Sobraba la explicación. Al menos, para ellos, pues el resto de la historia ya la conocían a la perfección: era su propia historia, la del Jabberwocky tal como lo veían todos ahora. La de su hogar; su casa sin padres. El deseo expresado en un dado mágico había florecido y el fruto fue el regalo de los que nada tenían, de los que debían esperar a que volviese a presentarse la oportunidad de lanzarlo de nuevo y tener suerte.
Para uno de ellos, y sólo para uno, era el destino que se cumpliría antes de que el sol se escondiese.
Vestidos de ostras, con la cara pintada y guantes enormes de payaso, los niños del orfanato corrían y danzaban alrededor de las parejas que se daban la mano, intimidadas ante el ejército que les asediaba con cánticos dulces y miradas inocentes, con los ojos saltando de sitio en sitio, sin encontrar nada fijo, nada quieto; sin encontrar, tampoco, el valor para decidirse. En un aparte, junto a la mesa de emparedados, el profesor Munro y la señora de azul conversaban apaciblemente, ajenos al barullo, aunque sin perder detalle. También el joven Allan se había acercado, pero no se atrevía a participar en el baile. Henry, a pesar de sus años, tocado con una cabeza de gaviota grandísima, jugaba a perseguir a los niños formando enormes círculos de carreras que nunca terminaban y en el que todos los participantes ganaban un premio. Todos parecían encontrar su hueco, de alguna forma, en aquella marabunta de ruidos y colores. Todos estaban en sus puestos, encajados como piezas de puzzle, esperando, quizás inconscientes, un próximo desenlace.
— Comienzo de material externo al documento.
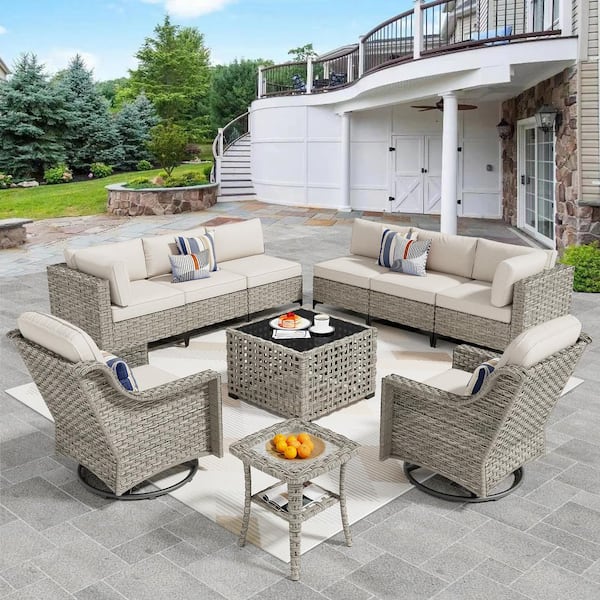 XIZZI Thor 10-Piece Wicker Patio Conversation Seating Sofa Set with Beige Cushions and Swivel Rocking Chairs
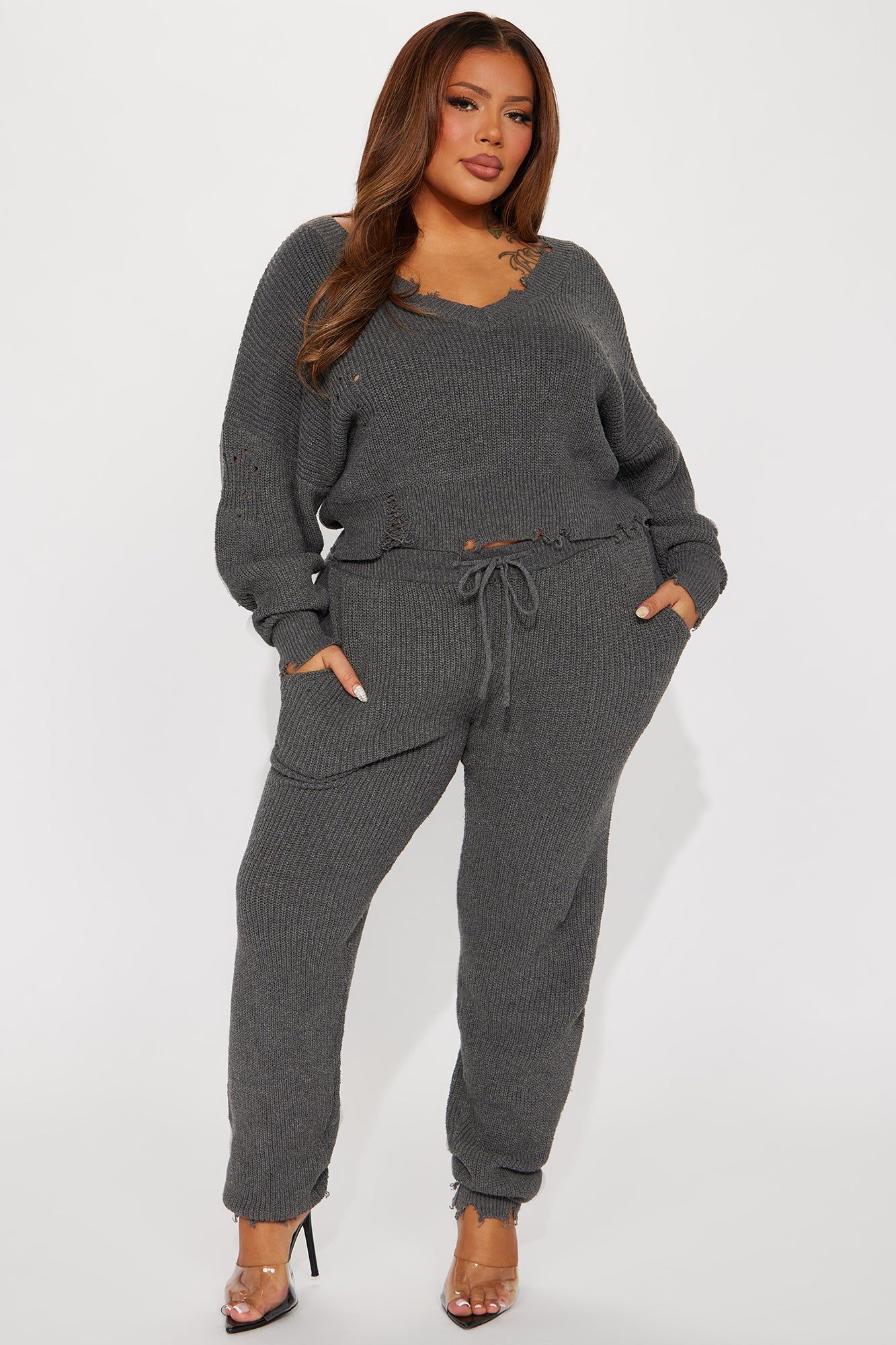 Being Myself Sweater Pant Set - Charcoal sold by Fashion Nova product image thumbnail 4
Pero una niña, sola, prefería pensar.
-Y tú, ¿cómo te llamas?
-Jacqueline –respondió Alicia. La cara pintarrajeada de rojo y negro– Soy la Jota de Corazones Rotos.
-Vaya… ¿Tú no vas disfrazada como los otros niños?
-No, no, no. A las otras se las comen, pero las figuras, en las cartas, siempre ganan la partida.
-Entiendo. ¿Y cuántos años tienes?
-Los que marca mi baraja.
-¿Llevas mucho tiempo aquí?
-Aquí, allí… Yo estoy en muchas partes.
-¡Oh!... Ya… ¿Y te gusta esto?
-Las princesas no pueden elegir no ser reinas.
El hombre y la mujer se miraron y, aunque extrañados por esa última respuesta, dejaron a un lado la duda y la cobardía.
-¿Te gustaría venir con nosotros, Jacqueline?
-Sólo si puedo llevar mi dado conmigo.
En el asiento de atrás del coche, a través de la luna trasera, una niña contuvo el aliento hasta que el brillo de las letras del Jabberwocky se extinguió como un ocaso definitivo.
-Cómeme… Familia Feliz… –susurró Alicia, pintando espirales en el cristal vaheado–.